Chers amis, cet héritage spirituel nous permet de regarder vers l’avenir avec confiance. Mais prions et agissons pour cette mission que notre cher pape François a rappelée aux patriarches et aux archevêques majeurs qu’il a reçus, avec les cardinaux et les autres membres de la Congrégation pour les Églises orientales, le 21 novembre dernier : il s’agit de la mission de l’unité des chrétiens, orientaux en particulier, comme l’enseigne le concile œcuménique Vatican II. C’est pourquoi je désire, à travers ce baiser de paix, rejoindre l’Église orthodoxe de Roumanie – et son patriarche – dont le martyrologe compte tant de martyrs de la foi, afin que, avec les gréco-catholiques et les latins roumains, il soit possible de collaborer dans le respect mutuel pour le bien spirituel et matériel de la Roumanie et afin aussi qu’elle puisse jouer le rôle qui est le sien en Europe et dans le monde. Hier soir, nous nous sommes réunis pour la fête nationale : 1918 fut pour vous une année impossible à oublier, suivie de persécutions et de divisions, mais aussi de la liberté retrouvée. Je forme le vœu que la paix religieuse et civile trouve une confirmation pérenne et soit source de solidarité, spécialement envers les couches les plus faibles de la société. Que l’implication des meilleures forces de la Roumanie permette à vos jeunes de rester dans leur patrie et, s’ils partent sur les routes du monde, de trouver un accueil et la possibilité d’une vie personnelle et familiale digne.
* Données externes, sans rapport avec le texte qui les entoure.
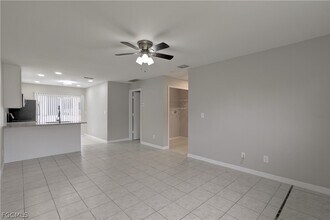Building Photo - 427 NE Pine Island Ln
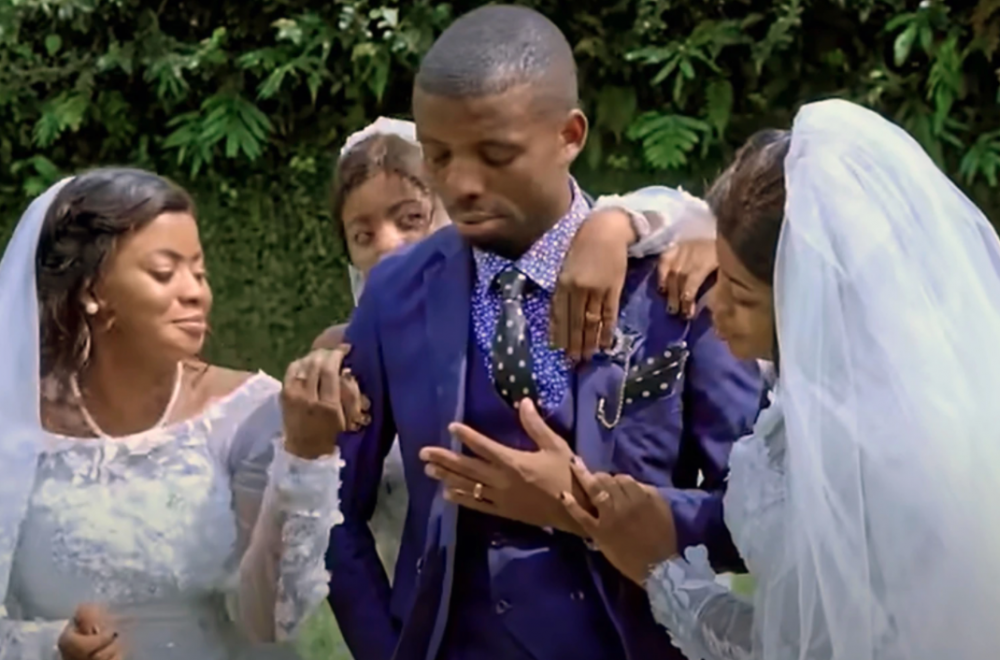 香港實行一夫一妻制，不過有些國家就允許一夫多妻。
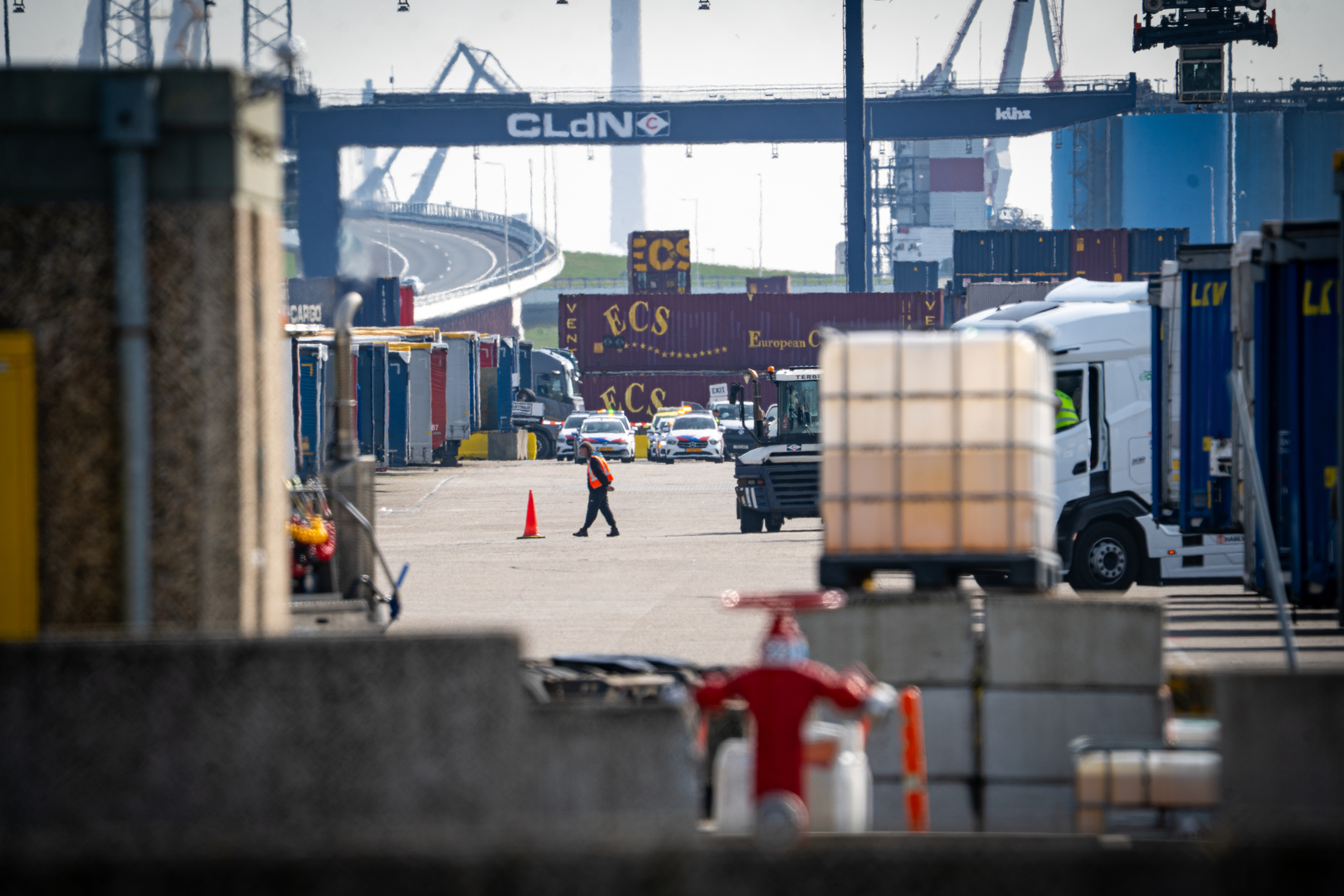 Het slachtoffer kwam tussen twee containers terecht.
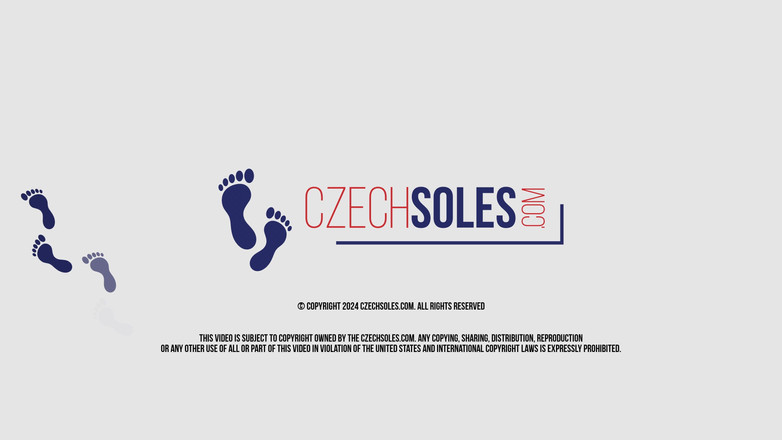 Czech Soles - foot fetish content: 继母的性感脚特写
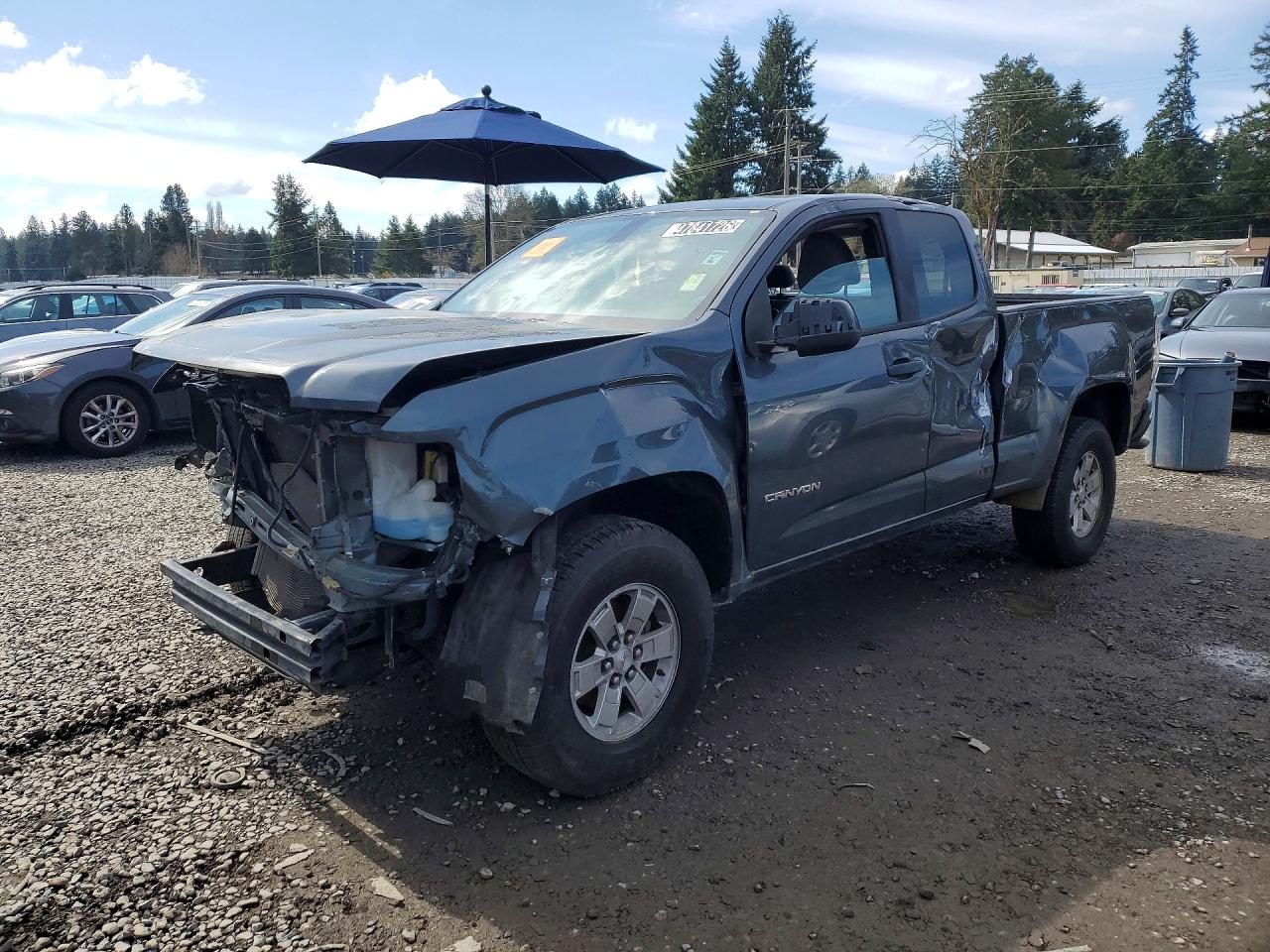 2015 GMC Canyon 2WD, VIN 1GTH5AEA3F1236320 — Front end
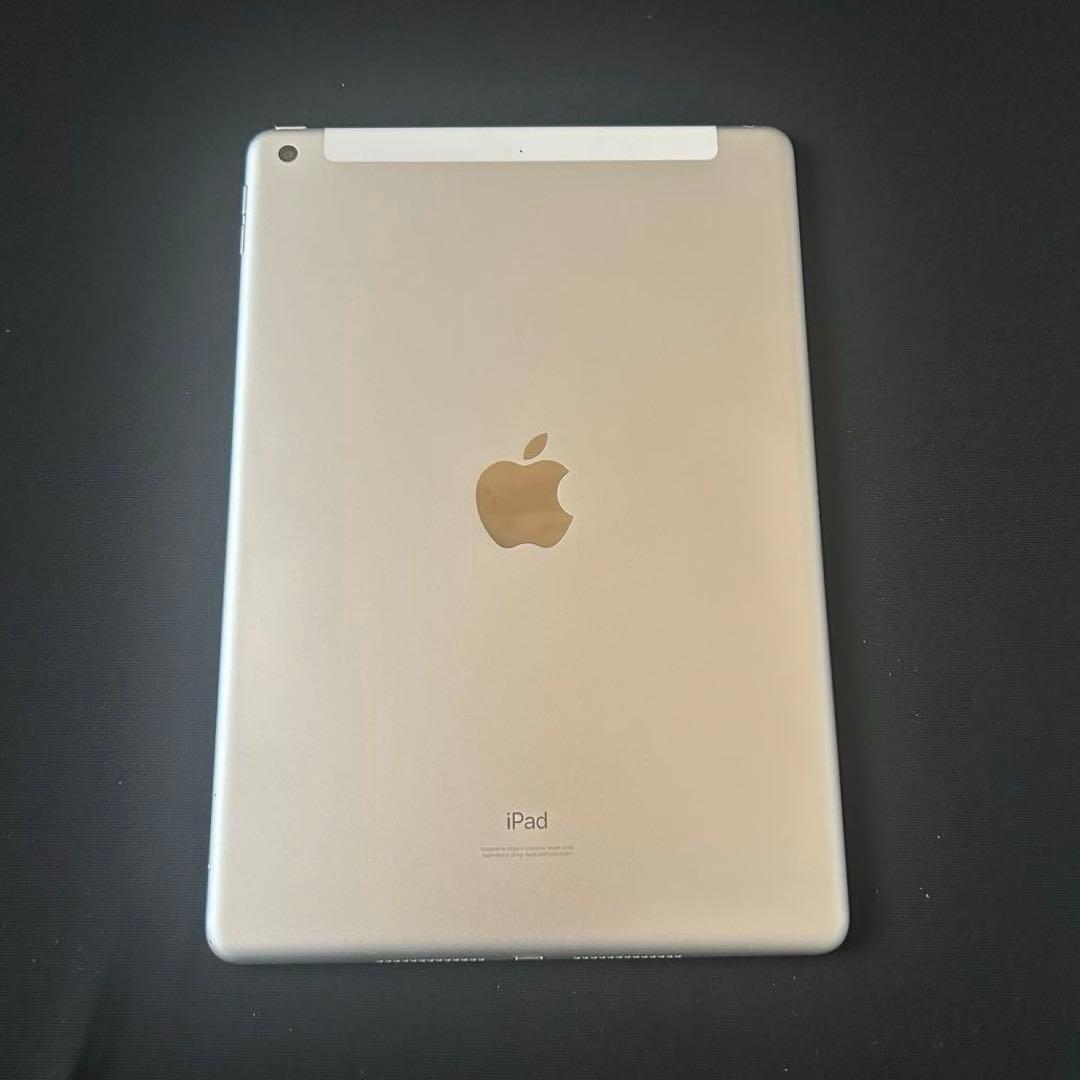 Apple iPad 第7世代 10.2インチ 32GB シルバー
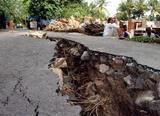 Десятки людей пострадали при мощном землетрясении в Никарагуа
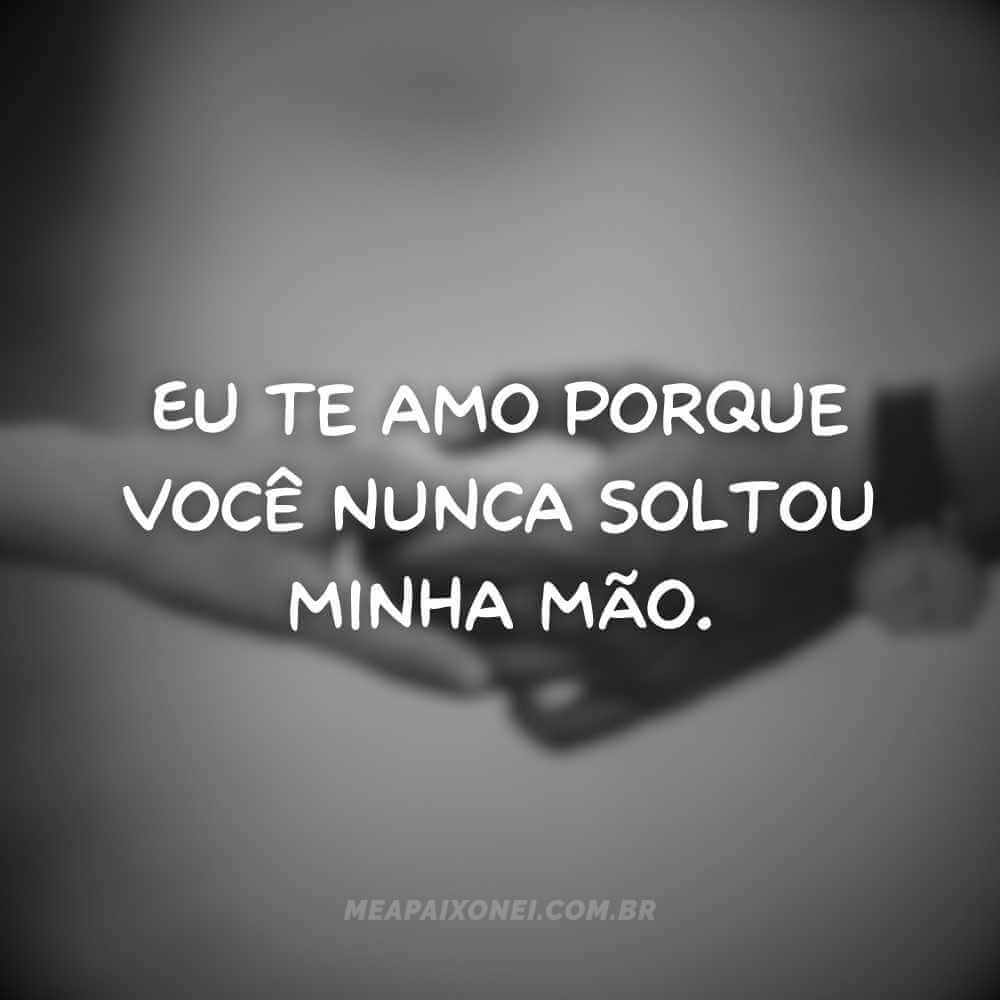 Casal segurando as mãos razões pelas quais eu te amo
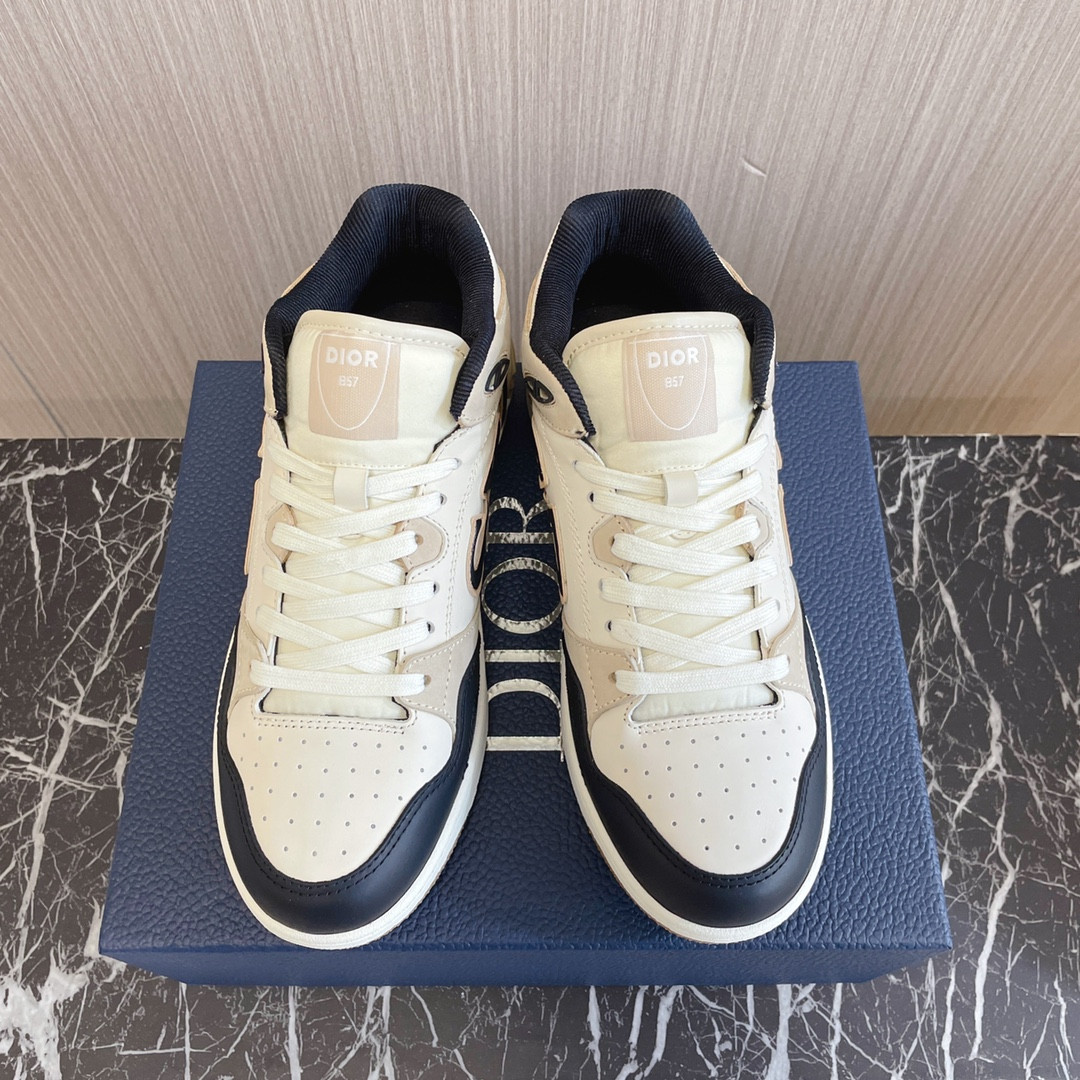 UA D10r B57 Mid-Top Sneaker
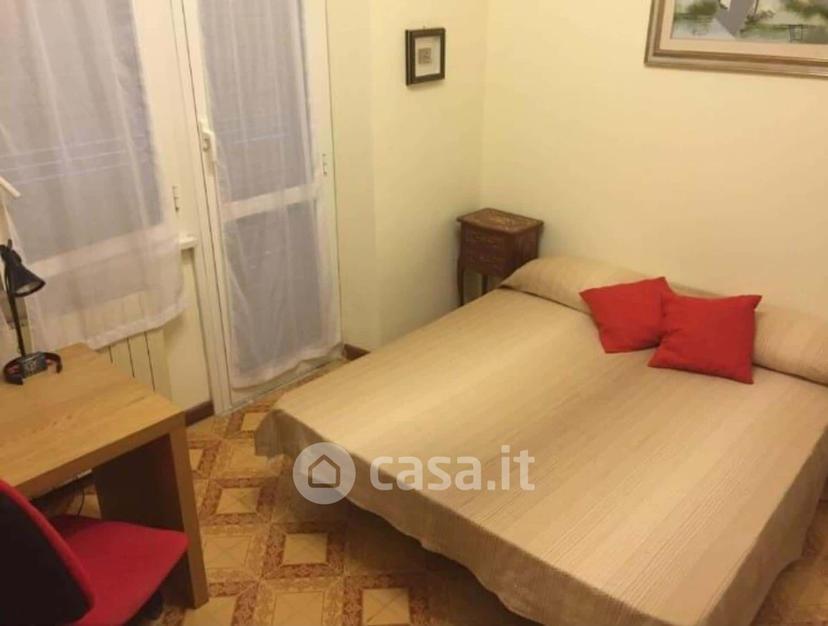 Stanza in Via Isidoro del Lungo — foto 4 di 9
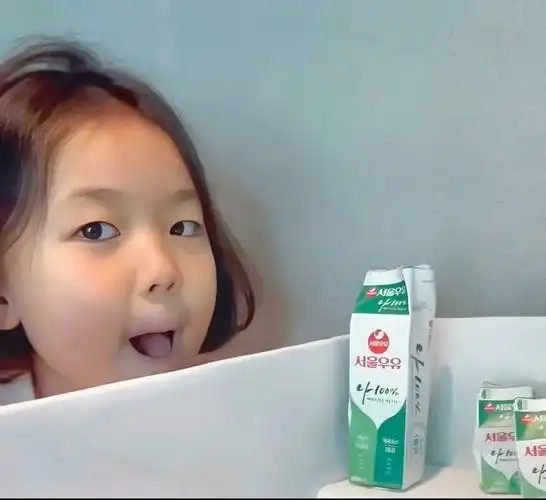 黄河温 #哈温 #黄夏温 #哈温表情包 温温牌小馋猫便利店 - 抖音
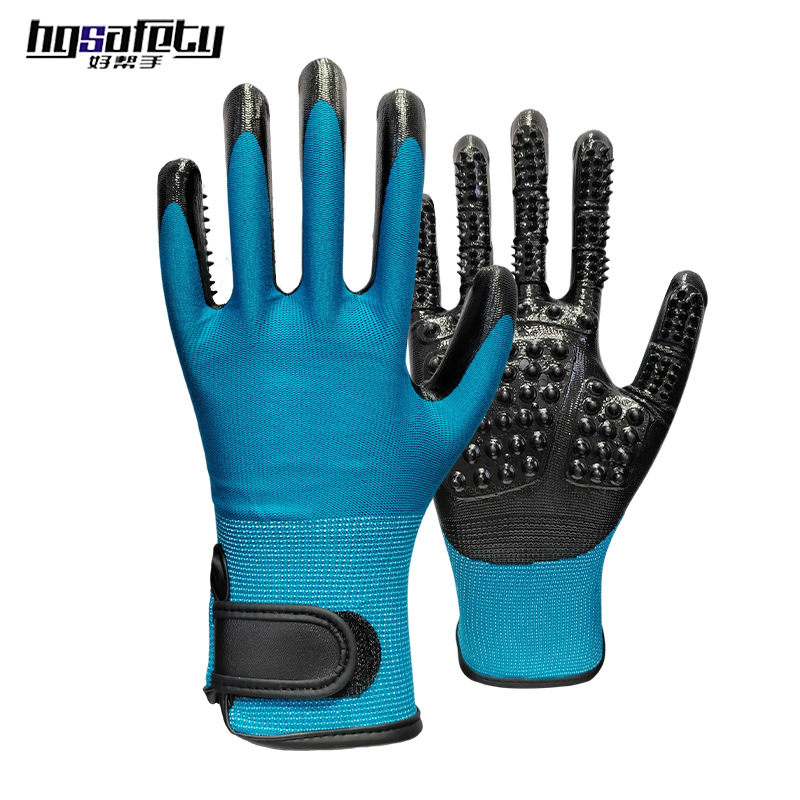 Special offer for pet bathing gloves, massage dogs, cleaning and grooming to remove loose hair, and petting dogs and cats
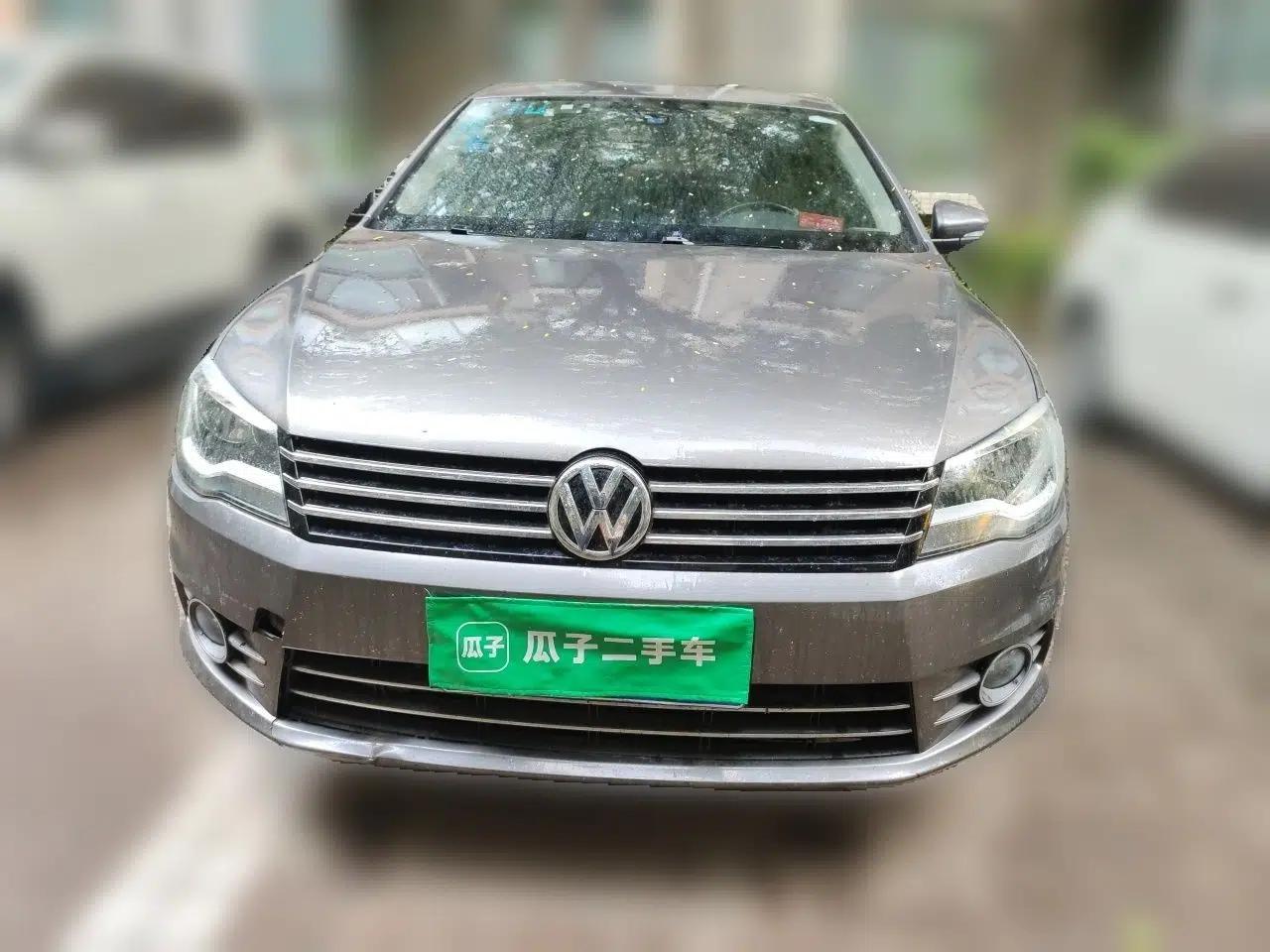 Volkswagen Bora 2013 1.6L Automatic Luxury Model — миниатюра 2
Mais repensons à nos martyrs et demandons-nous encore qui les a soutenus dans leur témoignage si lumineux. La splendide iconostase de la cathédrale de Blaj, ville appelée « la petite Rome », nous donne la réponse : c’est la foi dans le Christ et la prière d’intercession de la Sainte Mère de Dieu, des apôtres et des martyrs qui l’acclament comme le Seigneur et qui veillent sur le chemin de tous les Roumains. Le pape saint Clément, martyr si vénéré en Orient et dont nous célébrons aujourd’hui la mémoire liturgique, s’unira à notre prière. Dans cette belle église de Saint-Barthélemy-en-l’Île, devenue le symbole de cette unité que les martyrs du Christ tissent encore de nos jours, je prie Dieu par leur intercession de bénir la Roumanie, tous ses habitants et chacun de nous. Merci.